Now I need the code point of a QChar in order to look up some data in http://unicode.org/Public/UNIDATA/UnicodeData.txt , but QChar's unicode() method only returns a ushort (unsigned short), which usually is a number from 0 to 65535 (or 0xFFFF). There are characters with code points > 0xFFFF, so how do I get these? Is there some trick I am missing or is this currently not supported by Qt/QChar?

Each QChar is a UTF-16 value, not a complete Unicode codepoint. Therefore, non-BMP characters consist of two QChar surrogate pairs.

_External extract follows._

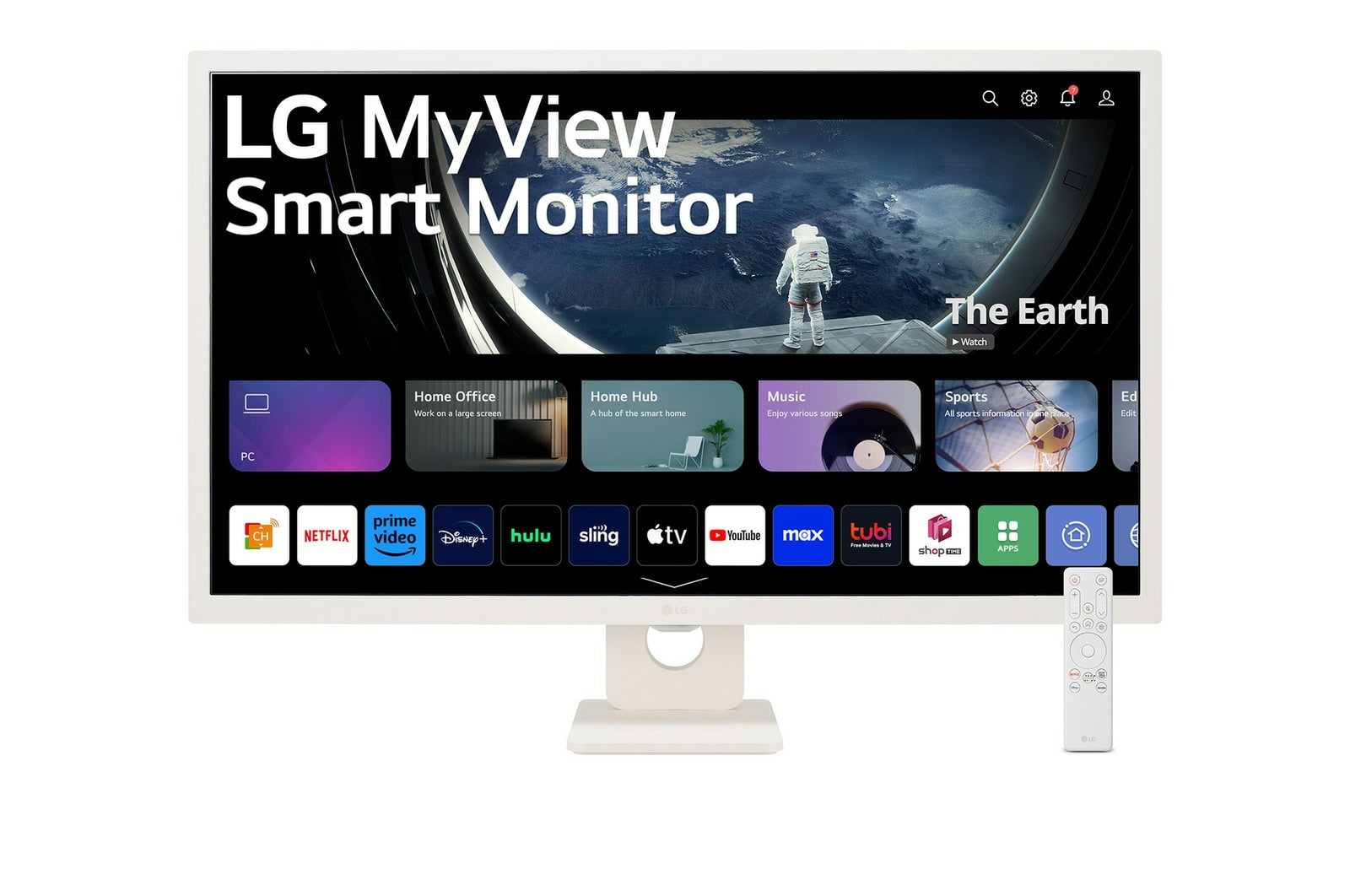 Monitor Lg 32Sr50F-W.Awm Pulgadas Myview Fhd Ips Smart Con Webos 8Ms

Unicode characters beyond U+FFFF in Qt

QChar itself only supports Unicode characters up to U+FFFF .

QString supports Unicode characters beyond U+FFFF by concatenating two QChars (that is, by using UTF-16 encoding). However, the QString API doesn't help you much if you need to process characters beyond U+FFFF . As an example, a QString instance which contains the single Unicode character U+131F6 will return a size of 2, not 1.

I've opened QTBUG-18868 about this problem back in 2011, but after more than three years (!) of discussion, it was finally closed as "out of scope" without any resolution.

Solution

You can, however, download and use these Unicode Qt string wrapper classes which have been attached to the Qt bug report. Licensed under the LGPL.

This download contains the wrapper classes QUtfString , QUtfChar , QUtfRegExp and QUtfStringList which supplement the existing Qt classes and allow you to do things like this:

QUtfString str;
str.append(0x1307C);            // Some Unicode character beyond U+FFFF

Q_ASSERT(str.size() == 1);
Q_ASSERT(str[0] == 0x1307C);

str += 'a';

Q_ASSERT(str.size() == 2);
Q_ASSERT(str[1] == 'a');
Q_ASSERT(str.indexOf('a') == 1);

For further details about the implementation, usage and runtime complexity please see the API documentation included within the download.

The solution appears to lay in code that is documented but not seen much on the Web. You can get the utf-8 value in decimal form. You then apply to determine if a single QChar is large enough. In this case it is not. Then you need to create two QChar's.

uint32_t cp = 155222; // a 4-byte Japanese character 
QString str;
if(Qchar::requiresSurrogate(cp))
{
    QChar charArray[2];
    charArray[0] = QChar::highSurrogate(cp);
    charArray[1] = QChar::lowSurrogate(cp);
    str =  QString(charArray, 2);
}

The resulting QString will contain the correct information to display your supplemental utf-8 character.